Venti d’indipendenza
E’ di attualità l’ accordo appena firmato dal premier inglese e dal suo collega scozzese per indire un referendum sull’indipendenza della Scozia. Niente di cui stupirsi, coi tempi che corrono: i nipotini di William Wallace infatti sono in ottima compagnia.
Il vento indipendentista attraversa prepotentemente non solo la Catalogna (manifestazioni oceaniche), ma anche le Fiandre e addirittura la Baviera. Tutte zone contraddistinte da una forte identità culturale, dove ancora si parla fieramente la propria lingua e dove non è mai passato del tutto il mal di pancia causato tempo addietro dalla nascita dei cosiddetti Stati Nazionali.

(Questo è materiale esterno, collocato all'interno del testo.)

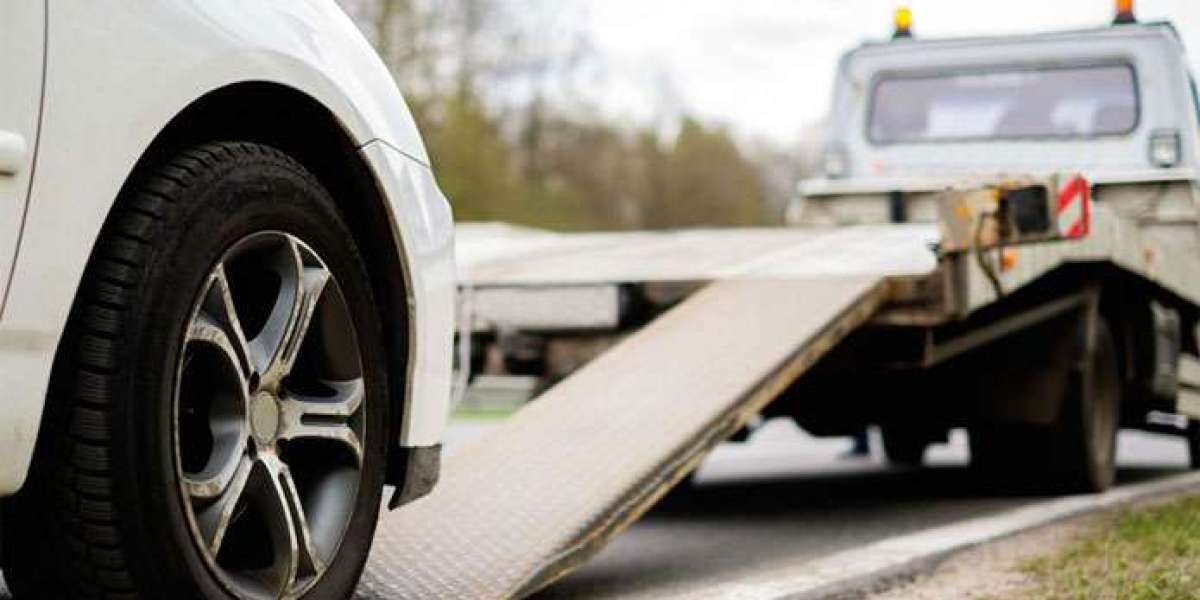 Roadside Rescue: Flatbed Towing & Emergency Services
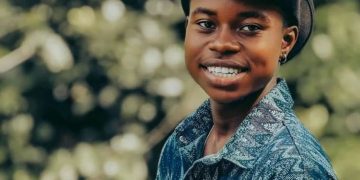 Moment Peller Rejects Unknown Handshake While Visiting His Old Friends in Ikorodu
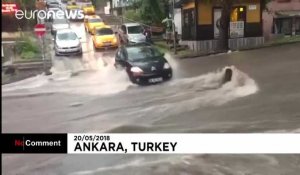 Des véhicules sous les eaux à Ankara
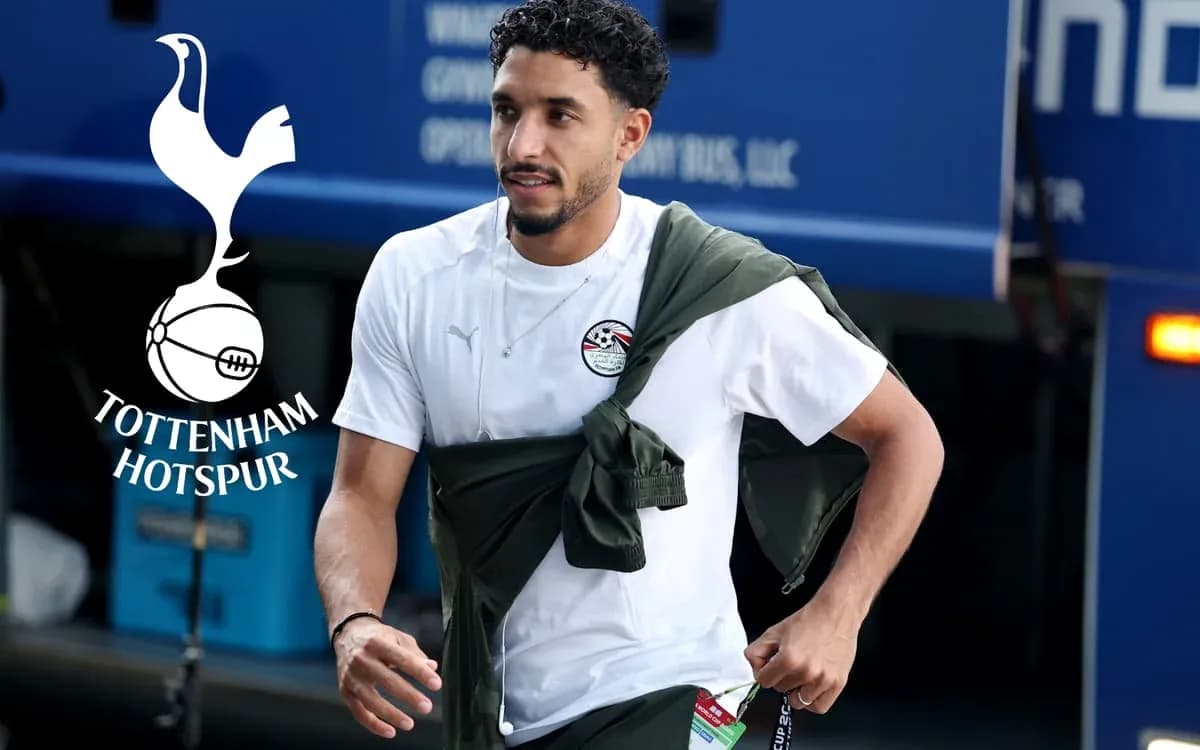 Jugador saliendo del autobús del equipo Tottenham Hotspur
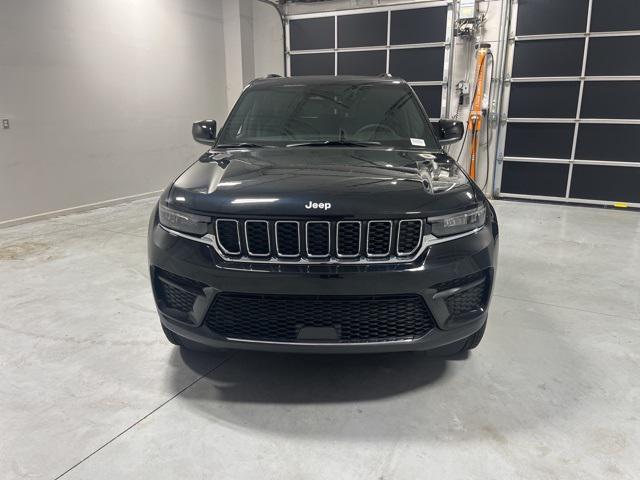 2025 Jeep Grand Cherokee GRAND CHEROKEE LAREDO X 4X2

A questo aggiungiamo anche ovvie ragioni economiche: sono per lo più ragioni che grazie alla loro maggiore produttività sono costrette a mantenere il resto di quello Stato Nazionale, appunto, che venne imposto loro a seguito di guerre e crisi.
Ma ora, con la morte degli Stati Nazionali così come li abbiamo conosciuti per secoli (annientati dalla NATO, dalla BCE e dal Fiscal Compact), e soprattutto con la prospettiva inquietante di un super Stato europeo di tecnici e banchieri (o meglio, di banchieri spacciati per tecnici), assistiamo con gioia a un sano risveglio dei popoli (dove per popolo non si intende certo un agglomerato informe di culture ed etnie prive di qualunque minimo comune denominatore).
Non ci si faccia spaventare dalla solita propaganda di regime, che confonde i nobili concetti di federalismo e autonomia con secessione e razzismo, perchè – al di là delle strumentalizzazioni atte a salvaguardare lo status quo – la sentenza è ormai chiara e non più ignorabile: L’europa del mercato unico non la vuole nessuno… oggi più che mai, il sogno ancestrale reclamato a gran voce si chiama Europa dei Popoli.